__What to produce__. Copy word for word the line containing "Laparoscopic Radical Nephrectomy" together with all lines following it to the end of the listing below, without the pictures.

__Collected material__.
----------

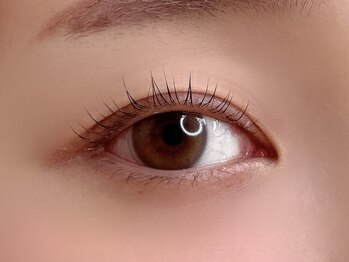 ネイル アンド まつげエクステサロン キュア(Cure)/まつ毛パーマ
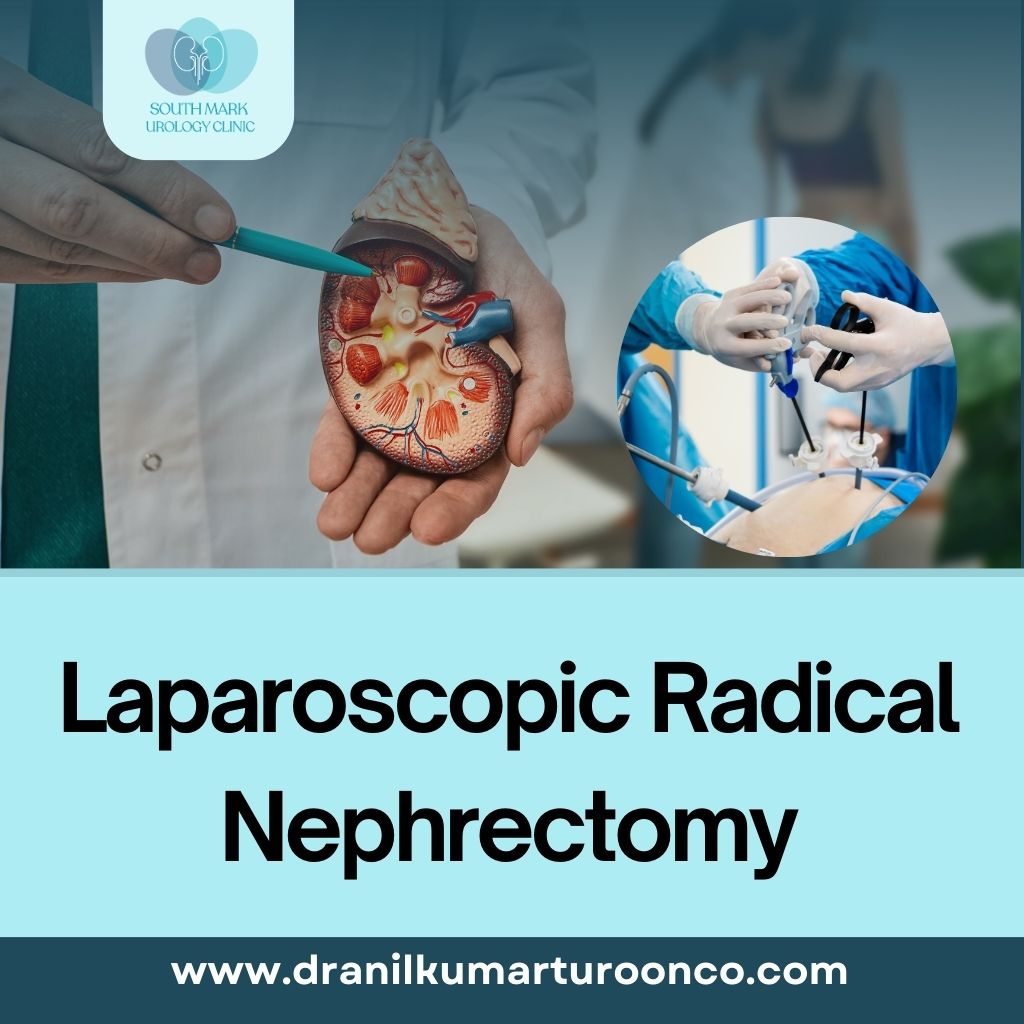 Laparoscopic Radical Nephrectomy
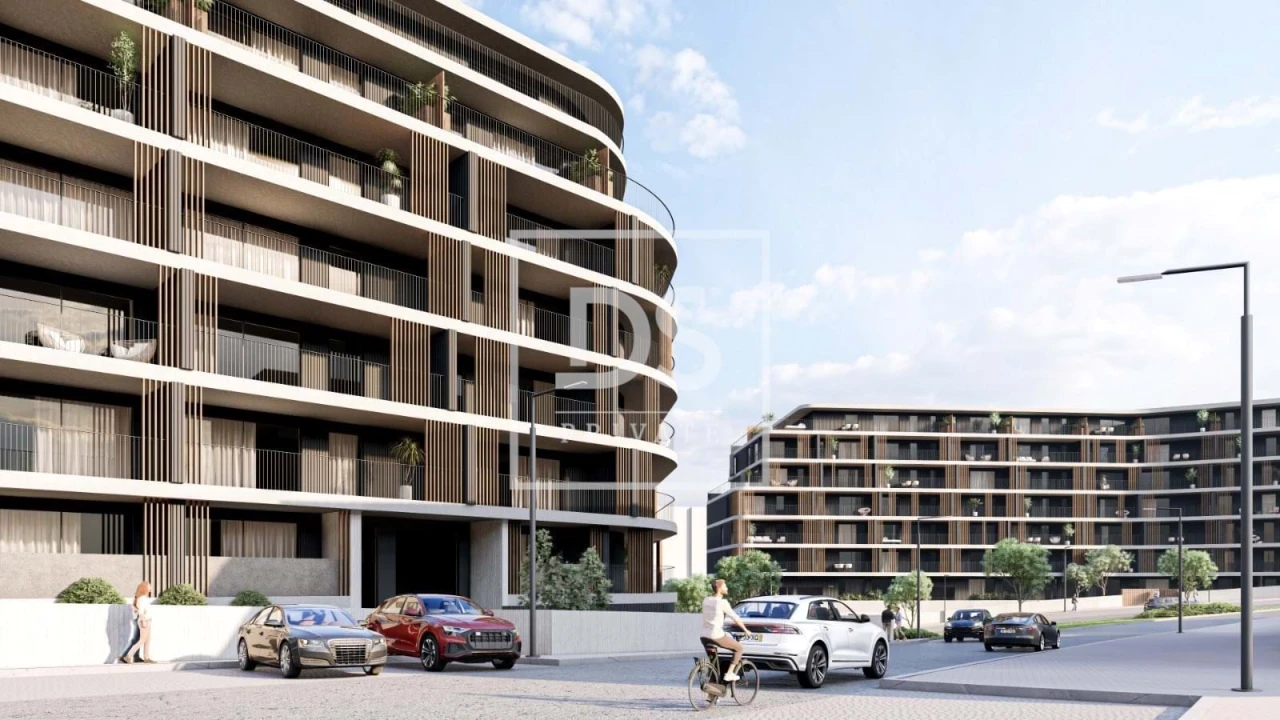 Apartamento T1 para Venda em Oliveira do Douro Foto 18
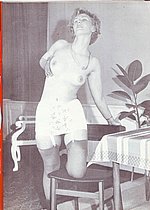 Porn Pioneers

----------

__Response below__.
 Laparoscopic Radical Nephrectomy
 Apartamento T1 para Venda em Oliveira do Douro Foto 18
 Porn Pioneers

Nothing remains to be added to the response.